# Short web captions
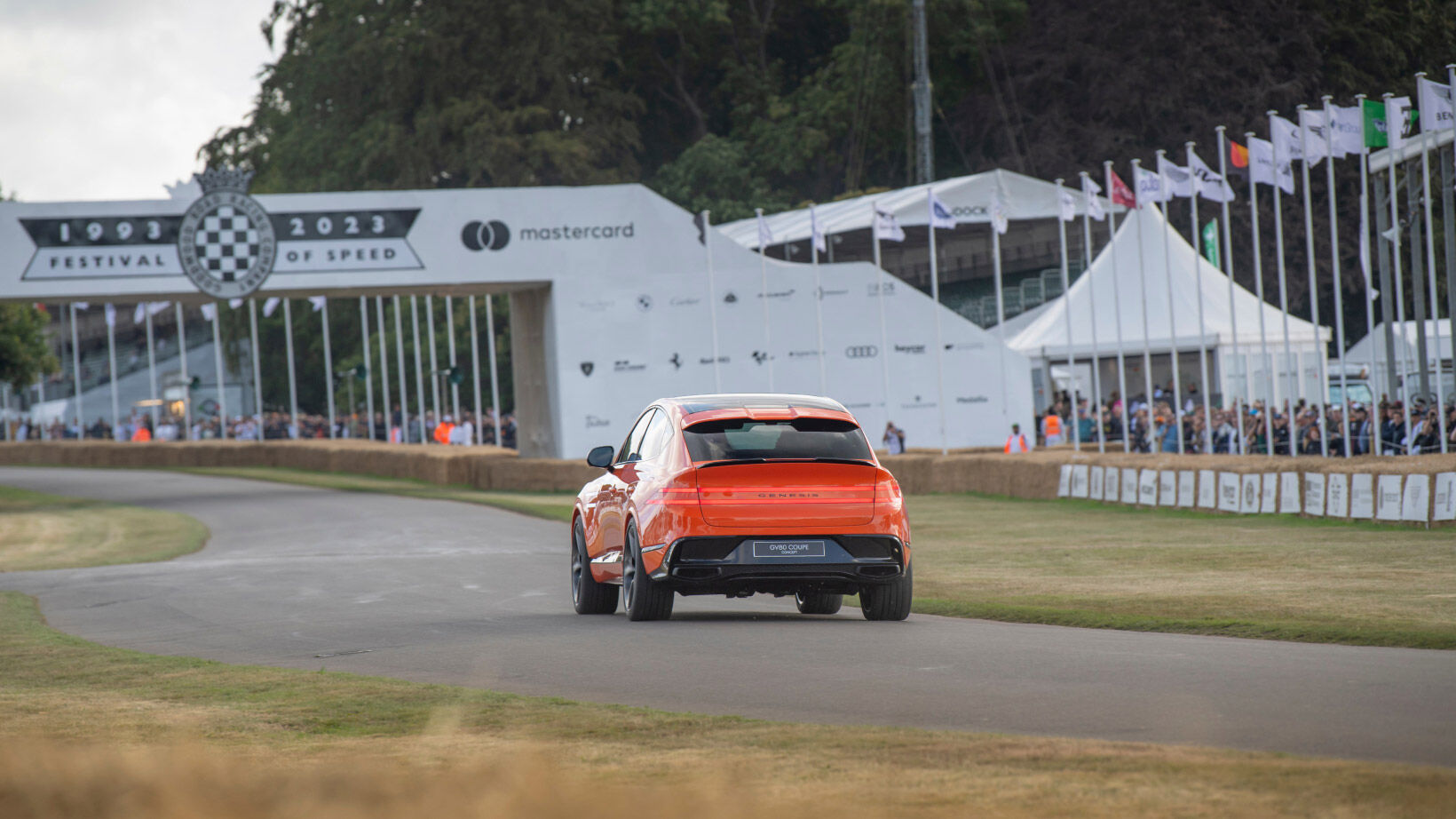 A banner printed with the Goodwood Festival of Speed logo is displayed.
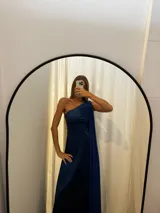 Vestido largo de tafeta con brillo, color gris o plateado, con escote asimétrico de un solo hombro y una pieza de seda liviana que cae como una capa o chal.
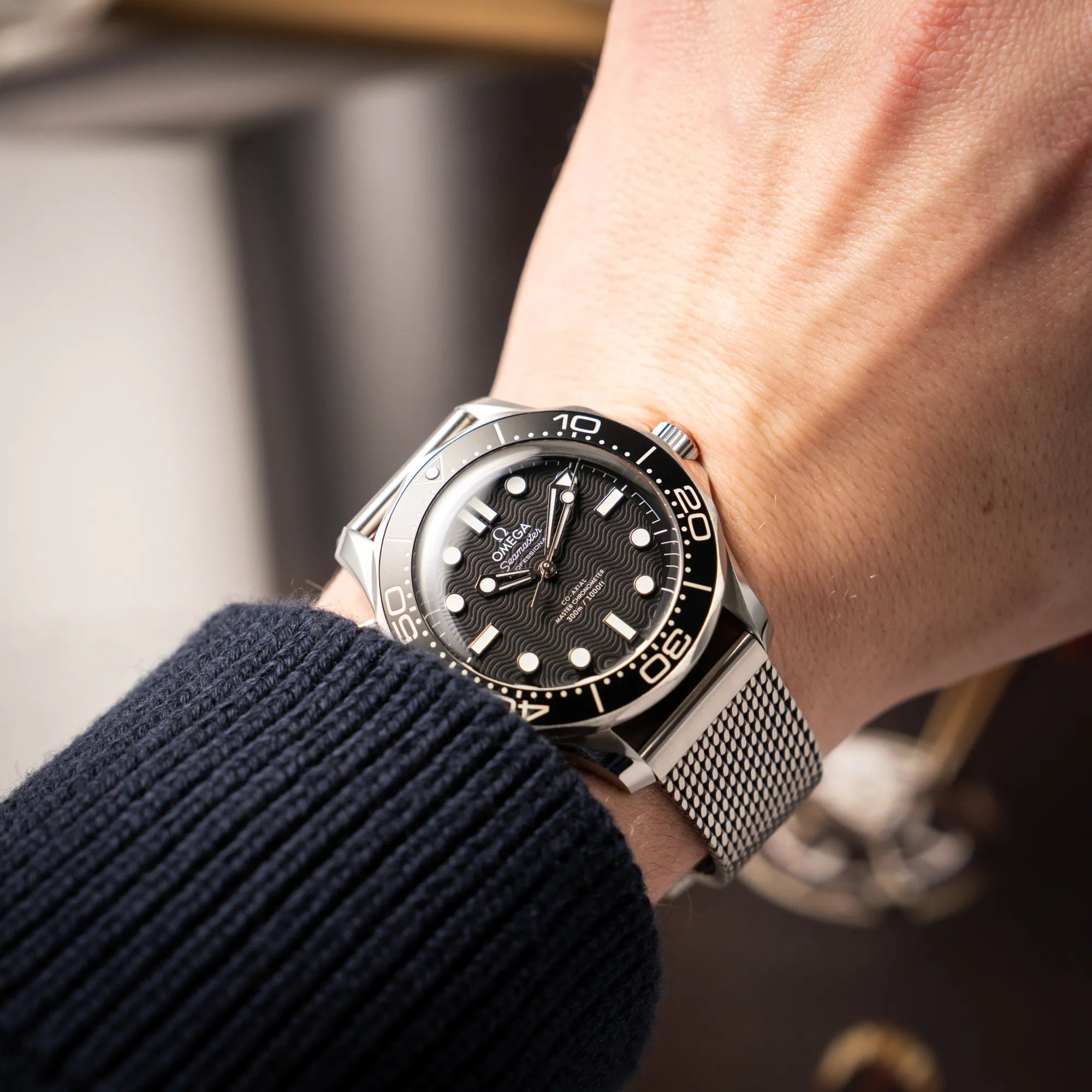 Mannerhandgelek mit der Omega Seamaster 300M Diver 210.30.42.20.01.010 mit dems schwarzen Zifferblatt im Wellen-Design am Milanese-Edelstahl-Armband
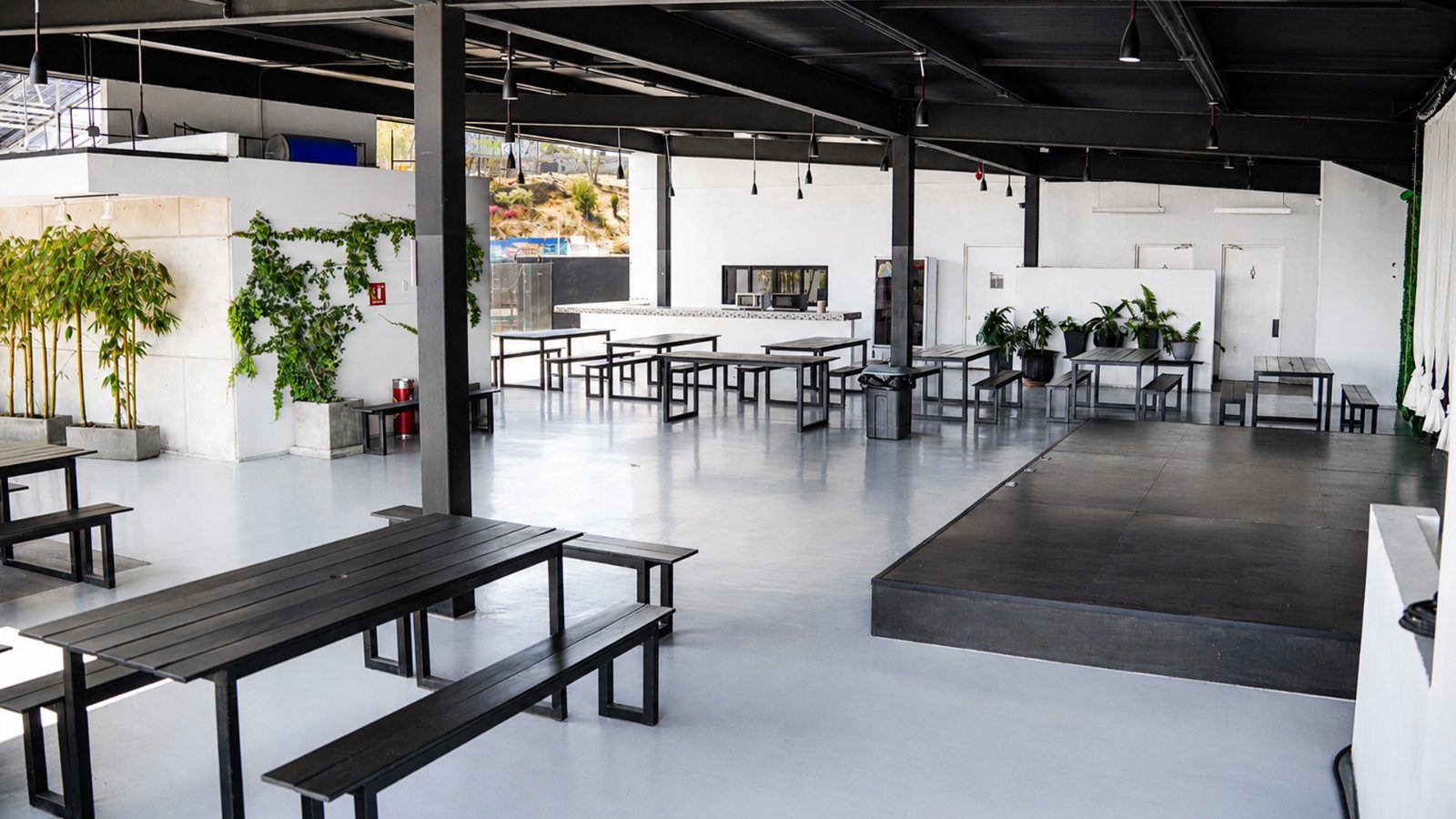 Zona de eventos techada, con mesas comunales, tarima y plantas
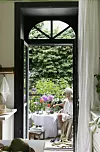 Uteplats med bord, blommor och en person som sitter vid en fransk balkong mot en grön trädgård.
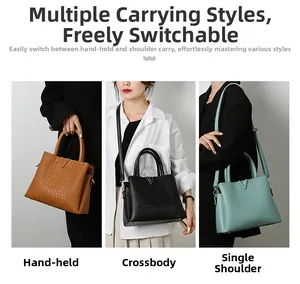 Detailed views of crocodile embossed handbags in brown, black, and light blue finishes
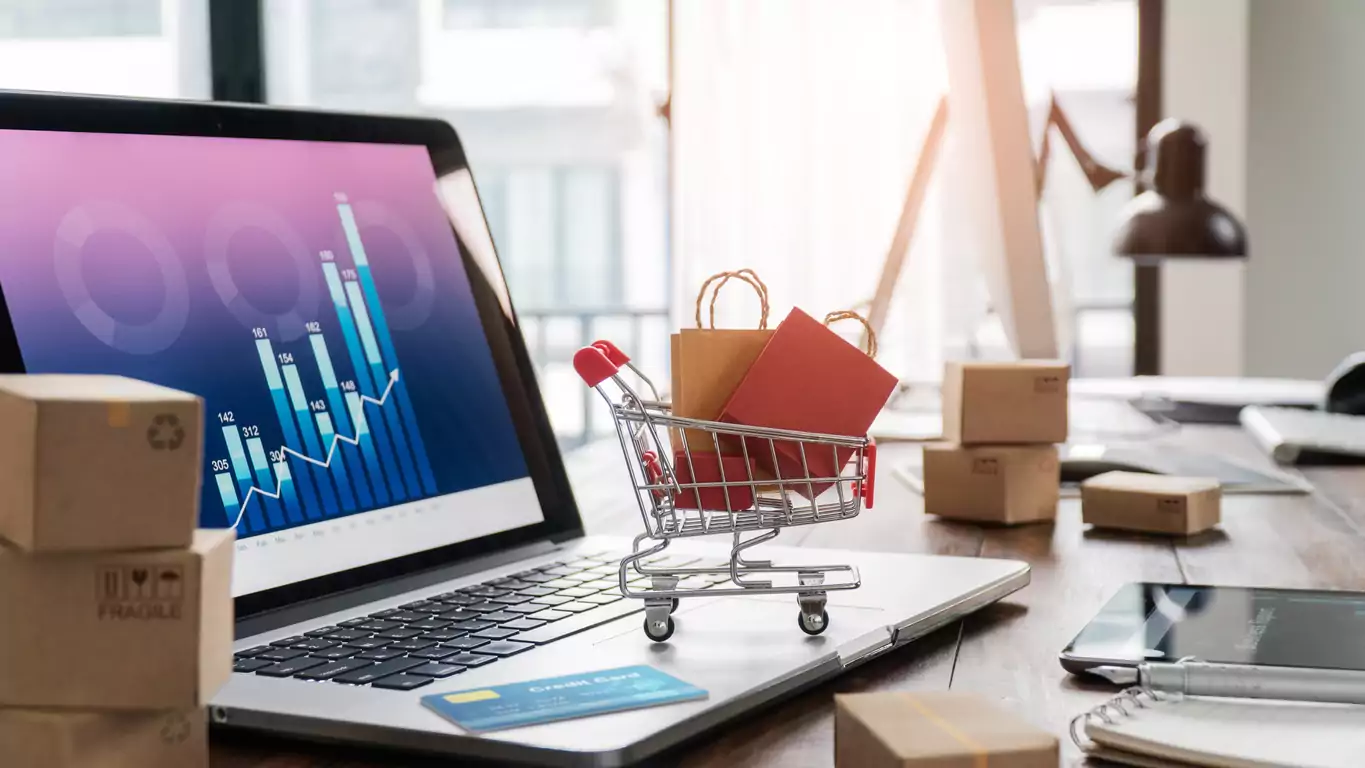 Sacolas de compras no carrinho de compras e cartão de crédito no laptop com caixas de papel na tabela e gráfico de crescimento econômico de dados de vendas na tela, compra e venda de serviços on-line na rede, compras on-line e conceito de comércio eletrônico.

# Task description
Once the pictures are removed, return the entries exactly as they stand.

# Solved problem
 A banner printed with the Goodwood Festival of Speed logo is displayed.
 Vestido largo de tafeta con brillo, color gris o plateado, con escote asimétrico de un solo hombro y una pieza de seda liviana que cae como una capa o chal.
 Mannerhandgelek mit der Omega Seamaster 300M Diver 210.30.42.20.01.010 mit dems schwarzen Zifferblatt im Wellen-Design am Milanese-Edelstahl-Armband
 Zona de eventos techada, con mesas comunales, tarima y plantas
 Uteplats med bord, blommor och en person som sitter vid en fransk balkong mot en grön trädgård.
 Detailed views of crocodile embossed handbags in brown, black, and light blue finishes
 Sacolas de compras no carrinho de compras e cartão de crédito no laptop com caixas de papel na tabela e gráfico de crescimento econômico de dados de vendas na tela, compra e venda de serviços on-line na rede, compras on-line e conceito de comércio eletrônico.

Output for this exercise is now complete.